What you are asked to do
Without any pictures, retype exactly the lines from the one with "Седан Audi A3 2014 в Києві" through the final line of the records.

Data
——

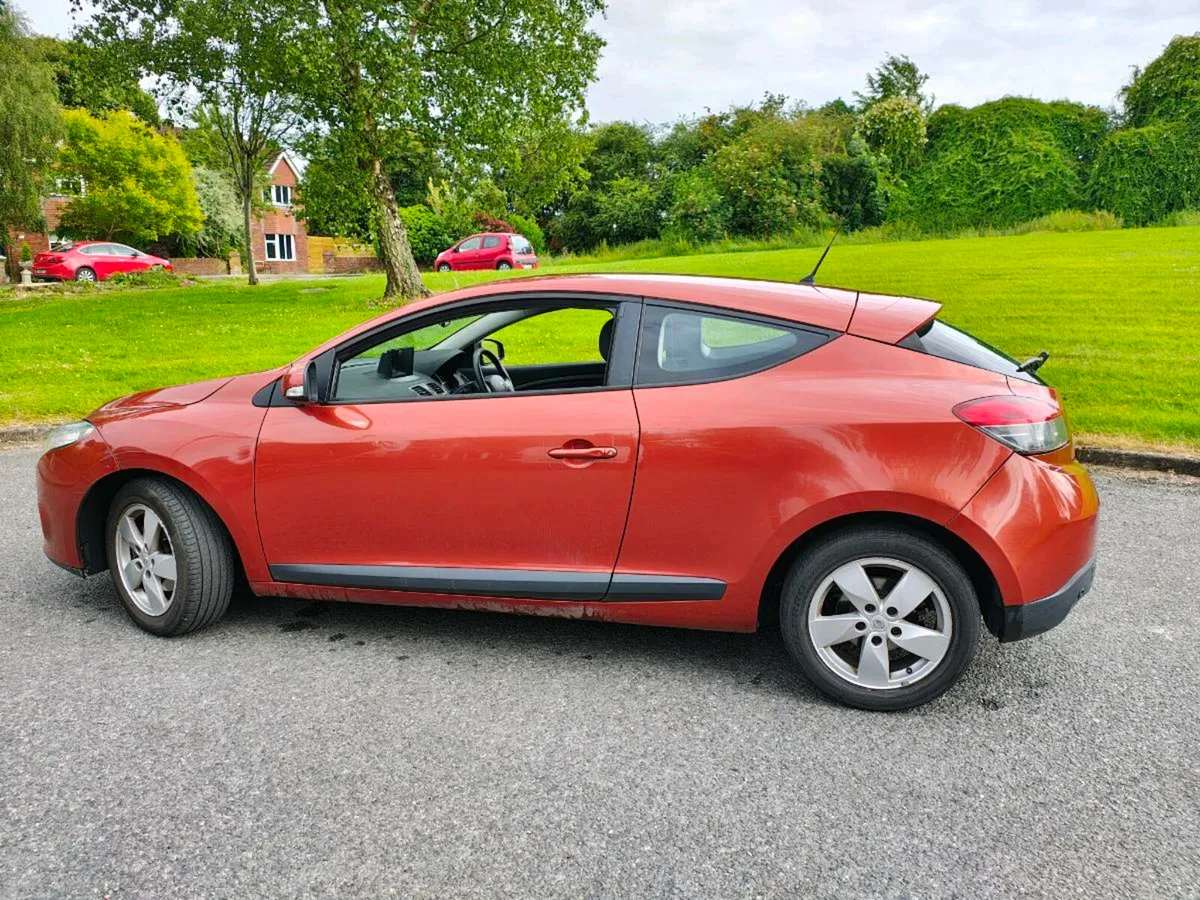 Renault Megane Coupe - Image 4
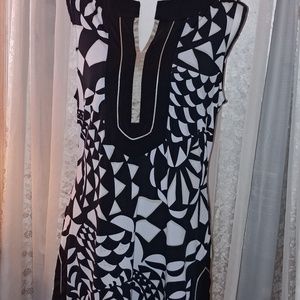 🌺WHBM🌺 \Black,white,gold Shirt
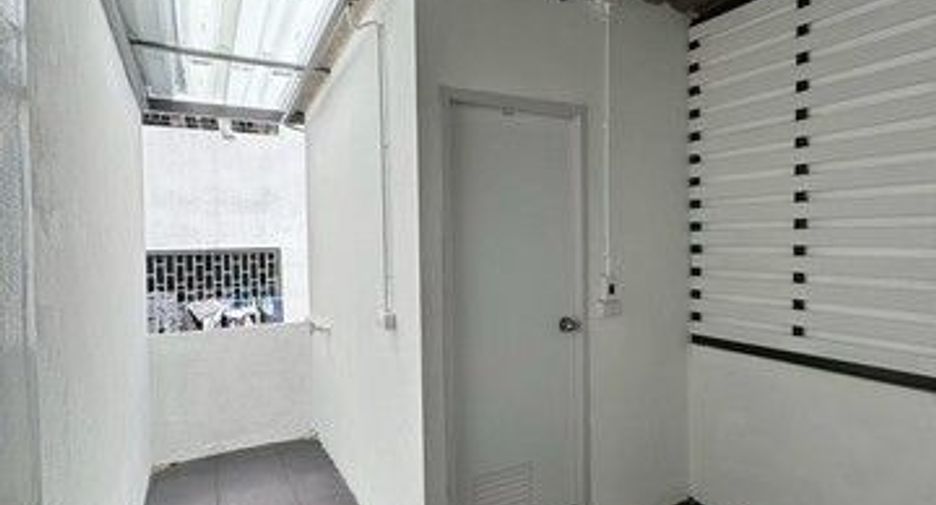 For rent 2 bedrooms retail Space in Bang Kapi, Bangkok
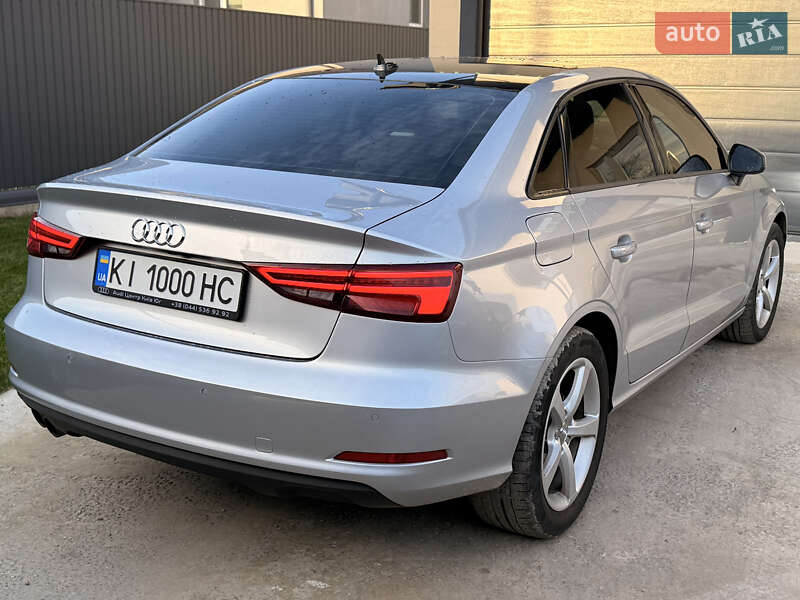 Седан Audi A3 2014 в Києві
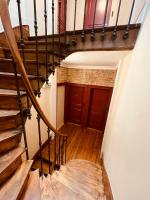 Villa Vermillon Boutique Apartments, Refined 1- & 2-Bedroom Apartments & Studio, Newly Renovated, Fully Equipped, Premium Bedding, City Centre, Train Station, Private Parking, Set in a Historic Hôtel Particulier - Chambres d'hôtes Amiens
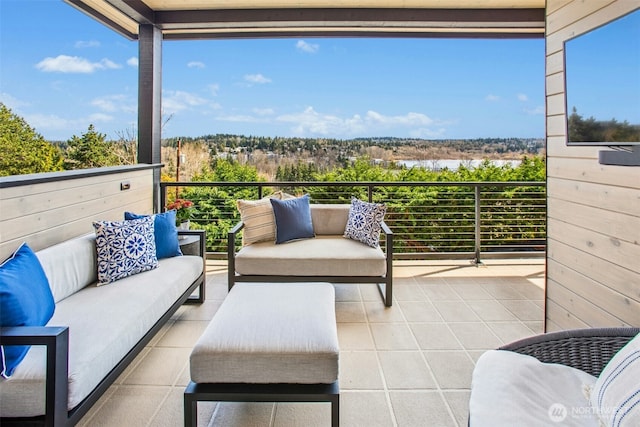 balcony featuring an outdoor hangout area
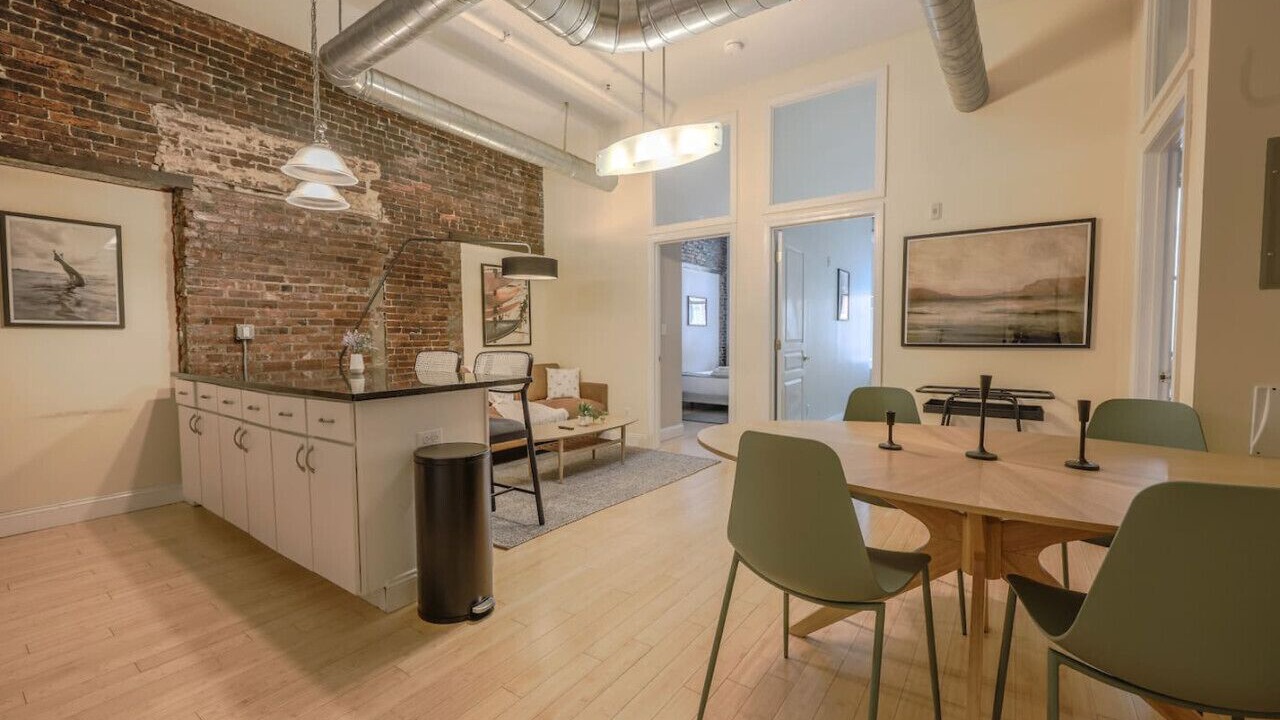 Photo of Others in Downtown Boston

——

Output of the exercise
 Седан Audi A3 2014 в Києві
 Villa Vermillon Boutique Apartments, Refined 1- & 2-Bedroom Apartments & Studio, Newly Renovated, Fully Equipped, Premium Bedding, City Centre, Train Station, Private Parking, Set in a Historic Hôtel Particulier - Chambres d'hôtes Amiens
 balcony featuring an outdoor hangout area
 Photo of Others in Downtown Boston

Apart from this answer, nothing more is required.